Kenmare lifts H1 production
JOHANNESBURG (miningweekly.com) – LSE-listed Kenmare Resources production surged in the first half of the year as power supply stabilised and recoveries increased, while improvement is being seen in the sulphate ilmenite market as supply/demand conditions continue to tighten.
Kenmare on Tuesday posted considerable increases in production as the Moma titanium minerals mine, in northern Mozambique, bounced back from debilitating power instability last year and continued to report higher tonnes mined and increased grades, as well as higher nonmagnetic recoveries and maximisation projects.
The total shipments of finished products in the first six months of this year increased 7% to 441 700 t, with second-quarter shipments up 133% to 309 000 t on the preceding quarter and setting a new quarterly product shipment record.
Heavy mineral concentrate production in the first-half under review increased 33% to 606 100 t, while ilmenite production increased 24% during the first half of 2016 to 402 900 t.
Kenmare posted a 20% rise in zircon production to 23 800 t and rutile output of 3 000 t, a 7% uptick on the corresponding half-year in 2015.
The titanium miner mined 14.4-million tonnes of ore during the half-year under review – a 26% jump on the prior corresponding period last year.
Production in the second half of the year is expected to increase further on the back of an uptick in dry mining, grade and operating time.
“The strengthening of the balance sheet, allied with falling cash costs and consistent productivity gains at Moma, positions Kenmare to benefit from the improvement in the titanium feedstock market we are currently experiencing as higher ilmenite prices are reflected in revenues for the second half of 2016,” said MD Michael Carvill.
Kenmare saw improvement in the sulphate ilmenite market in the second quarter of the year, with supply and demand conditions tightening, as a result of improved offtake, price increases, improved global demand conditions and a continued decline of ilmenite supply owing to mine closures, depletion and poor mining economics.
Excess ilmenite inventories have also seemingly dwindled, with Kenmare’s market intelligence pointing to low inventory levels at other ilmenite producers, explained Carvill.
Meanwhile, as the company sells the bulk of its ilmenite production on long-term contracts with yearly or six-monthly price renegotiations, the first-half price increases registered for ilmenite will feed through into revenues during the second half of the year.

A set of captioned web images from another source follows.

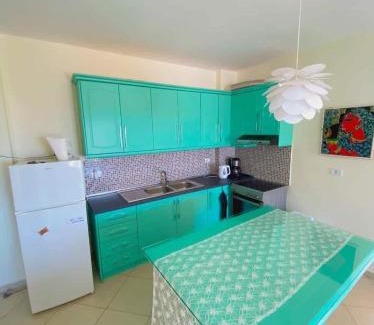 Kodrra Apartment | Beauiful apartment by the beach of Saranda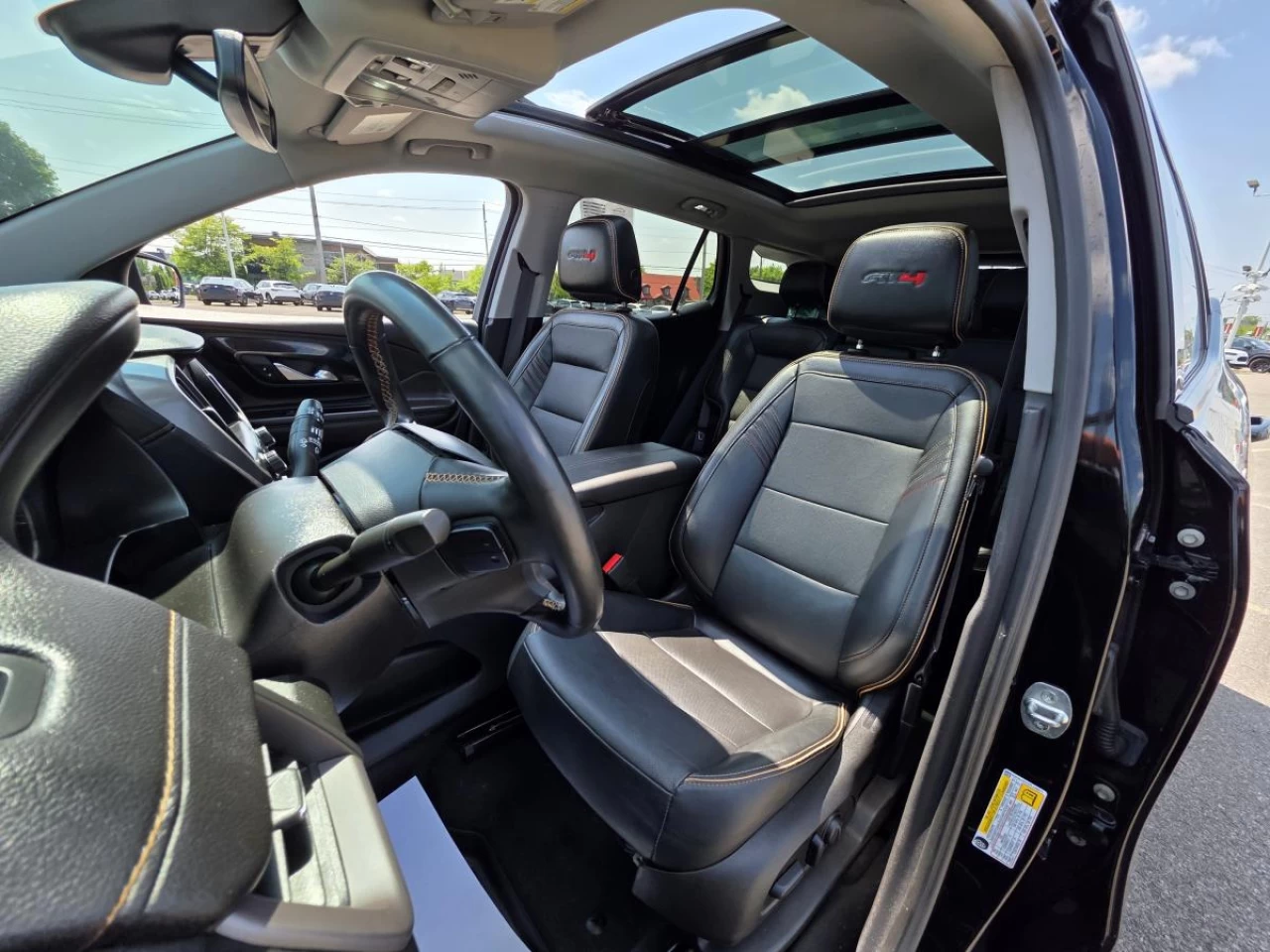 2023 GMC Terrain AWD AT4 Image principale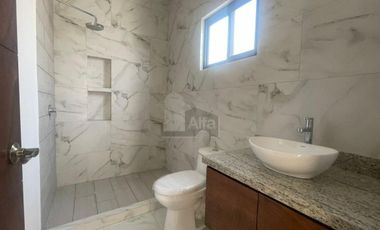Casa en venta ubicada en Fracc. La Escondida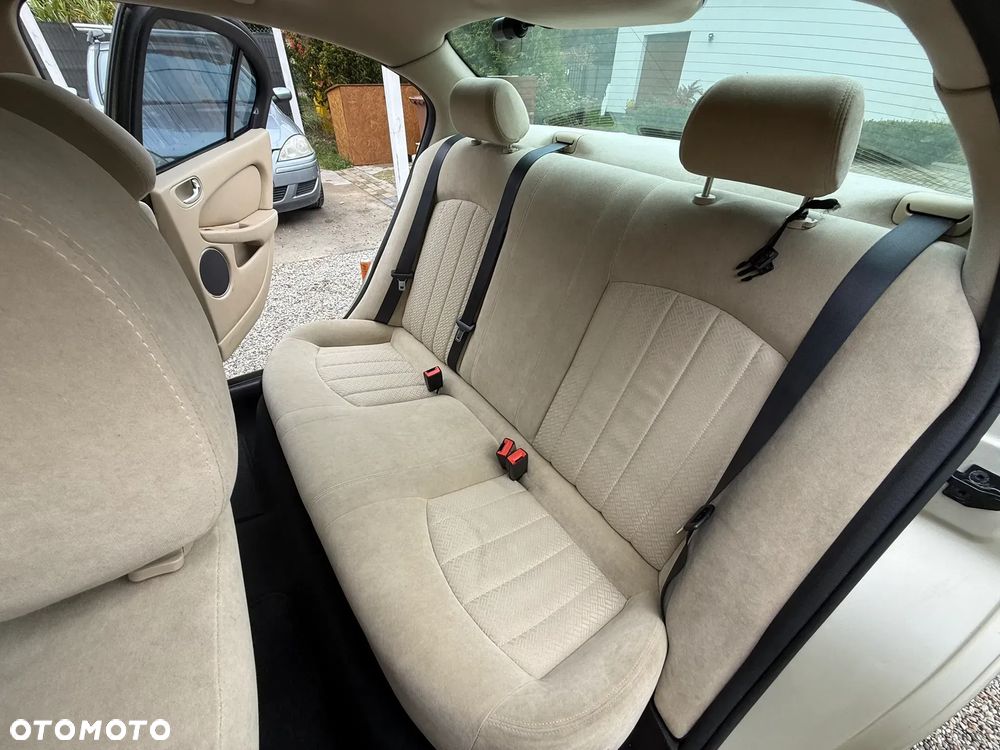 Jaguar X-Type - 20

Chinese domestic ilmenite prices have been steadily increasing since the beginning of the year and Kenmare implemented price increases on spot sales during the second quarter to be shipped in the third quarter.
Meanwhile, the zircon market experienced further price weakness owing to competitive positioning for sales among producers.
“It is anticipated that a recent price increase announcement by a major zircon producer will reverse the downward price trend seen in recent months and help to provide some stability to the market,” Carvill said.